US Vice President Kamala Harris took on a new anti-gun violence effort Friday, a role that will likely bring her more visibility ahead of the 2024 election.
The 58-year-old Democrat will head up the new White House Office of Gun Violence Prevention, which President Joe Biden said in a statement was part of his administration’s promise to “do everything it can to combat the epidemic of gun violence that is tearing our families, our communities, and our country apart.”
“We know true freedom is not possible if people are not safe,” Harris said in the same statement.
Despite the new push, the White House does not have unilateral power to meaningfully limit gun use in the United States, such as by banning assault weapons.

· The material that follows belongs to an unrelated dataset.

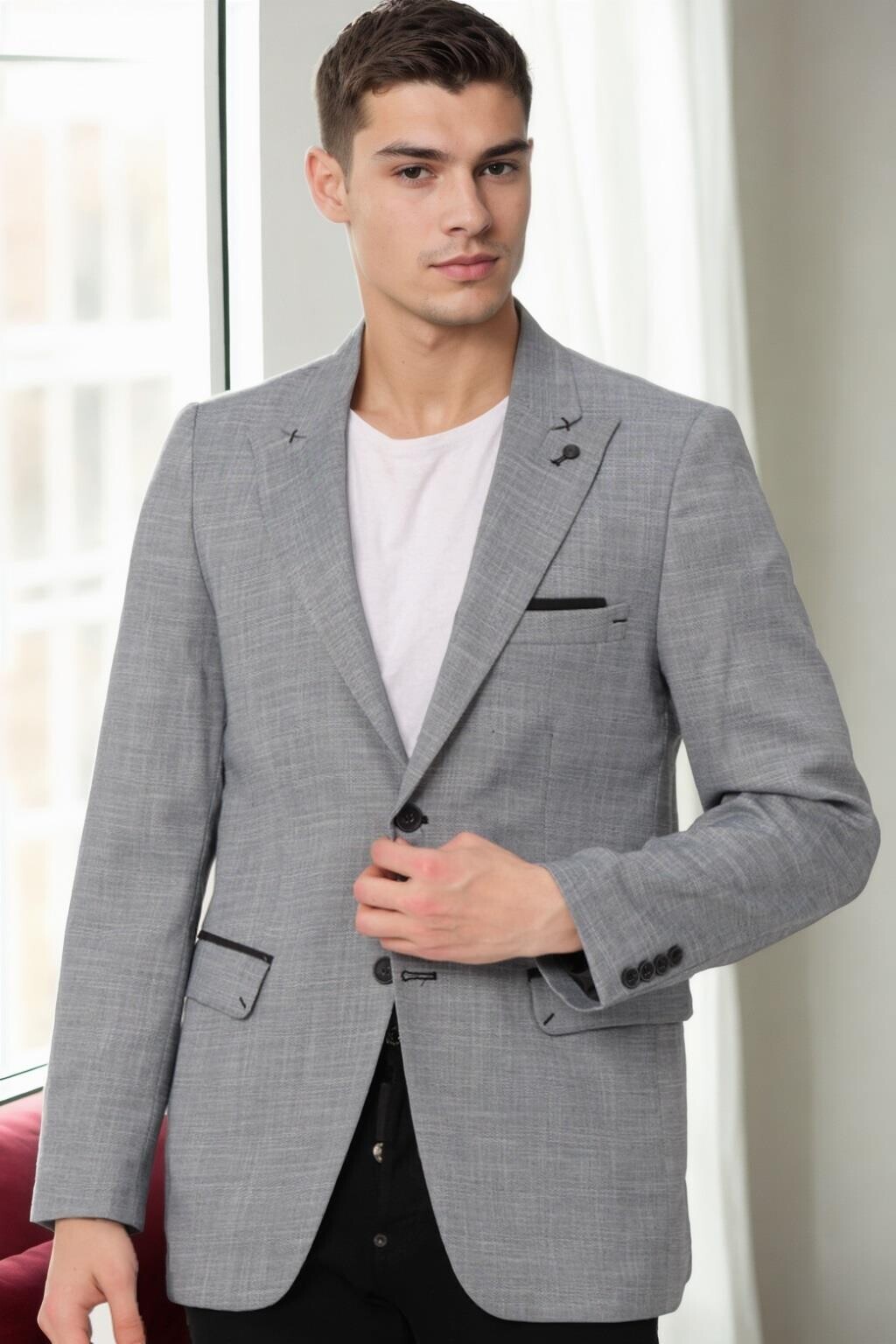 C8058 DEWBERRY MEN'S JACKET-GREY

Any substantial moves would have to come from Congress, where fiercely anti-gun regulation Republicans control the House of Representatives.
Biden has therefore tried to work around legislative requirements and imposed certain regulatory and administrative restrictions, which have only a limited scope.
The new role adds a significant job to Harris’ portfolio just a little over a year ahead of the 2024 race, in which she and the 80-year-old president are facing re-election.
The vice president has already been tasked with taking on other politically sensitive issues such as immigration.
Tackling gun violence gives the former California prosecutor the chance to work on a visible issue that often garners more widespread consensus from the American public.
According to the Gun Violence Archive, a non-governmental organization, 44,374 people were killed by guns across the United States last year.
Gun deaths have slowed slightly this year, at 28,793 for the first eight months, according to the archive.
Harris — the first woman to become vice president as well as the first Black person and person of South Asian descent to hold the job — also recently embarked on the so-called Fight for Our Freedoms College Tour, in which she visited several US universities.
She was generally received with enthusiasm, in contrast to her often-flagging favorability poll numbers.